Y have a dream!

Y have a dream 29

Le couloir de l’hôpital renvoi l’écho assourdi des chuchotements de nos trois amis alors qu’ils sont arrêtés devant une porte anonyme.

  • Tu crois que c’est ici?
  • Oui Jacinta, maman a dit la chambre 123.

Francisco entrouvre le battant après avoir donné trois légers coups pour s’annoncer; dans la pièce, le cliquetis des appareils remplit l’espace et le sourire de Filoména accueille le trio, chassant la crainte qui les saisissait.

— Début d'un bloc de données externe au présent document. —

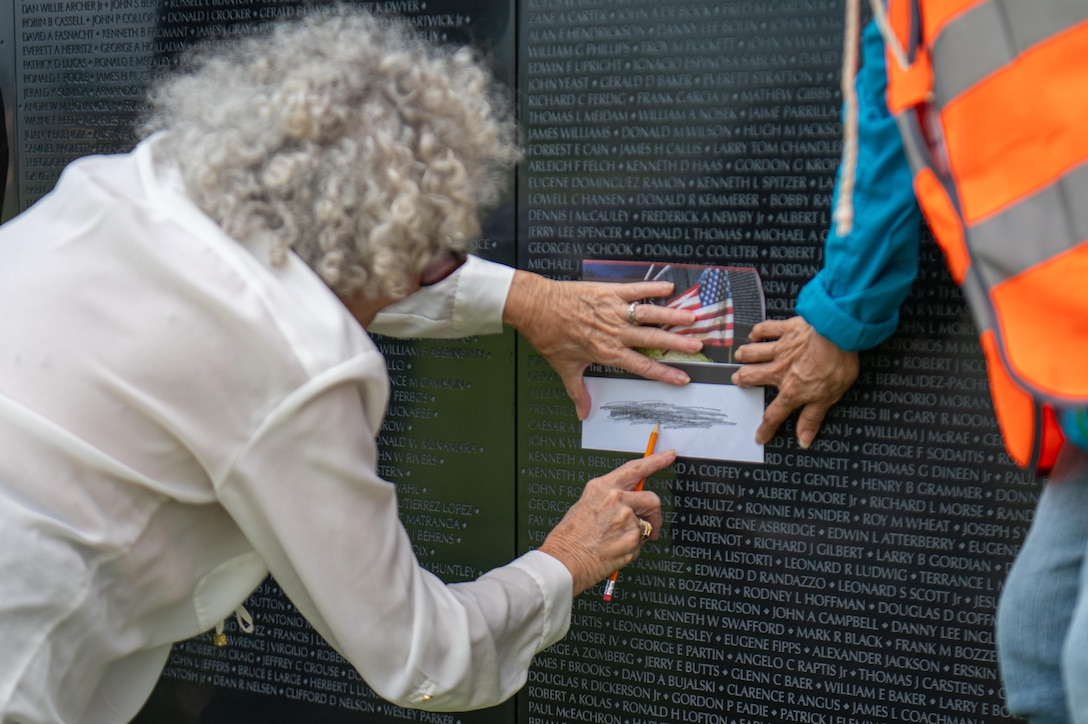 An attendee makes a name rubbing at The Wall That Heals Vietnam Veterans Memorial while assisted by a volunteer at the University of Hawaiʻi – West Oʻahu, Jan. 14.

  •  Venez, entrez, Enrico dort profondément, je suis contente de voir mes petits voisins! Asseyez-vous…vous arrivez à temps, le docteur viens de passer et il m’a confirmé qu’Enrico nous quitterait aujourd’hui, son cœur peut s’arrêter d’un instant à l’autre…
  • Alors il faut prier!

Jacinta prends d’autorité la main d’Enrico inerte sur le drap, puis celle de Francisco qui saisit celle de Lucia. Filoména termine le cercle en mettant sa main sur le front de son mari en disant:

  • Vous savez, Enrico ne veut plus aucune prière ni rien qui ne vient de Dieu depuis qu’il a été brutalisé quand il était enfant de Cœur… Cela fait 70 ans qu’il n’a plus mis les pieds dans une église!
  • Cela n’est pas lui, c’est nous qui prions pour lui!

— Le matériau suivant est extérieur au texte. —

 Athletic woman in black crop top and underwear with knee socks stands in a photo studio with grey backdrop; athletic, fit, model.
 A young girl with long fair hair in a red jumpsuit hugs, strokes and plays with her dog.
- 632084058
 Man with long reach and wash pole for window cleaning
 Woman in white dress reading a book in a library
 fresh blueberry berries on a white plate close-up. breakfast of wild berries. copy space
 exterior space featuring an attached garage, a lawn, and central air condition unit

 Et Lucia d’une voix douce commence l’Ave Maria immédiatement suivi par toute la chaine…Soudain Enrico semble sortir de sa torpeur et ouvre les yeux en fixant le plafond de la chambre puis se rendort.

La porte s’ouvre sans bruit, et une infirmière entre pour les soins; tous sortent lentement dans le couloir.

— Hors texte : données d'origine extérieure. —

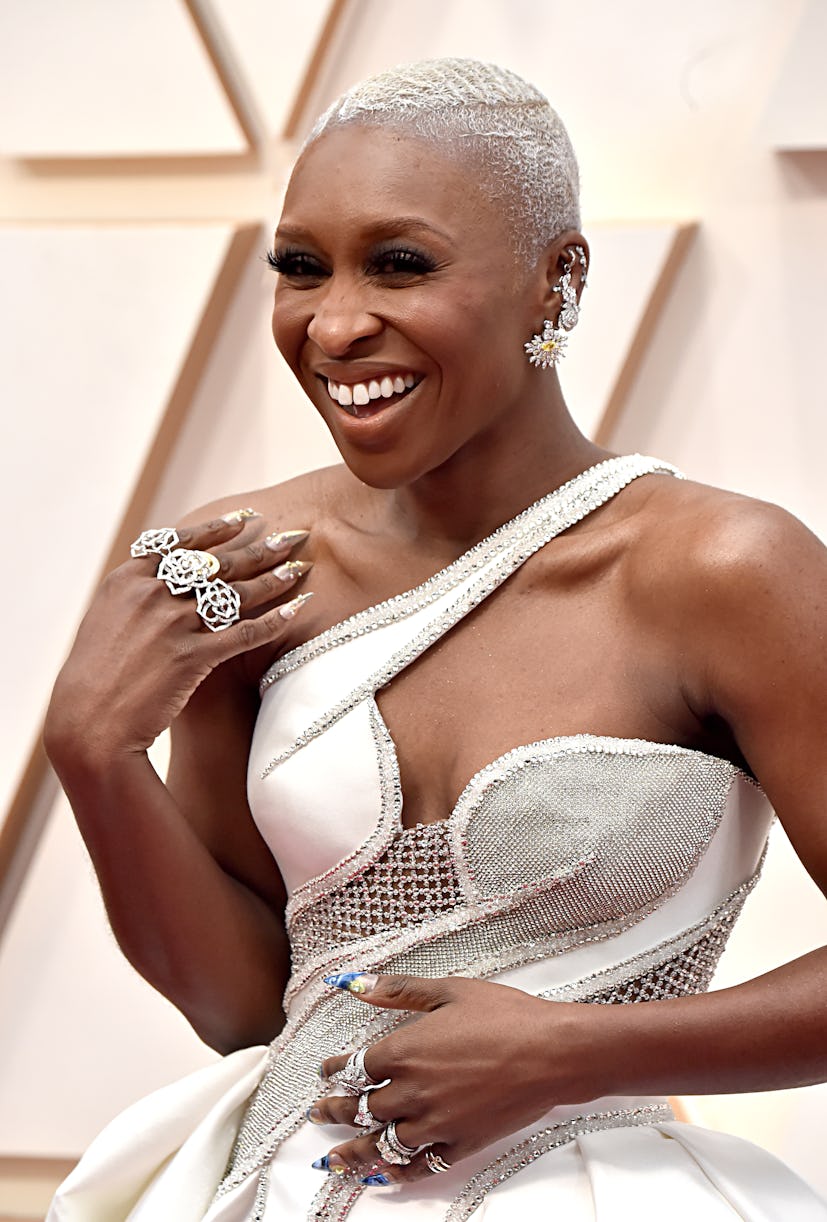 Cynthia Erivo in a white dress and chunky silver rings along with floral earrings at the Oscars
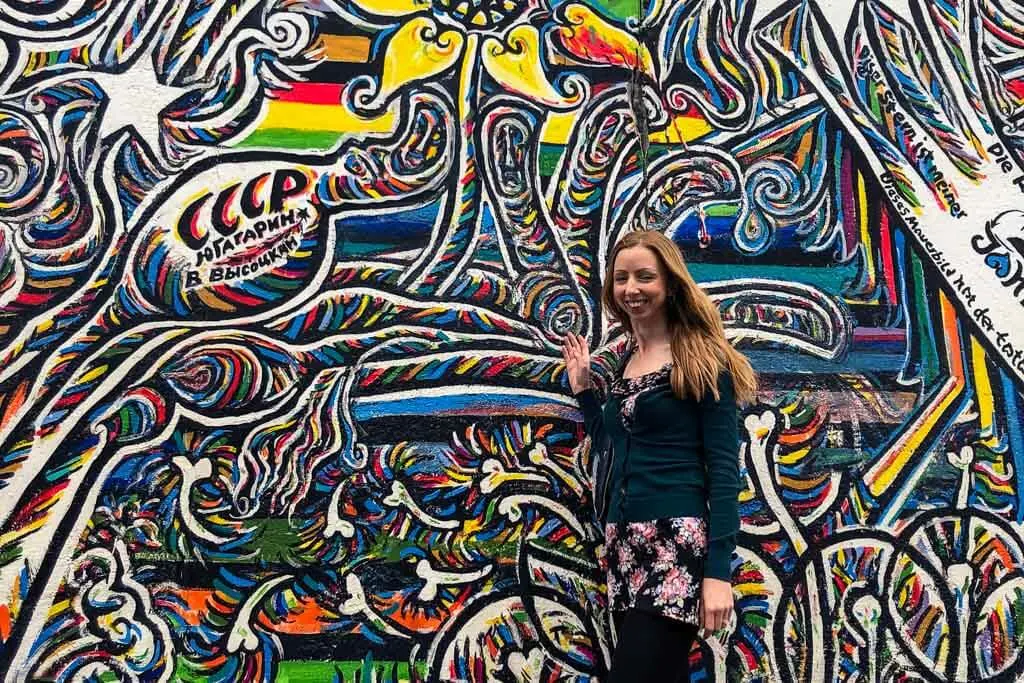 Veronika from TravelGeekery at the East Side Gallery in Berlin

  • C’est l’heure de la messe à l’aumônerie, nous y allons mais nous allons revenir Filoména.

A la fin de la cérémonie, Francisco explique au prêtre la situation dans laquelle se trouve Enrico; immédiatement celui-ci se pare de son étole violette et d’un ton péremptoire leur signifie:

  • Allons le voir!

Filoména, qui se trouve toujours dans le couloir voit, horrifiée, arriver le groupe en disant:

  • Non, il ne veut pas de prêtre!

Mais le celui-ci lui dit aussitôt:

  • Allez lui demander!

Filoména s’absente un cours instant et ressort de la chambre, l’air à la fois étonnée et ravie en disant:

  • Il veut bien!...

Le prêtre entre le premier, s’agenouille devant le lit du mourant en lui disant:

  • Enrico, je te demande pardon au non de toute l’Eglise; maintenant est-ce que tu m’entends?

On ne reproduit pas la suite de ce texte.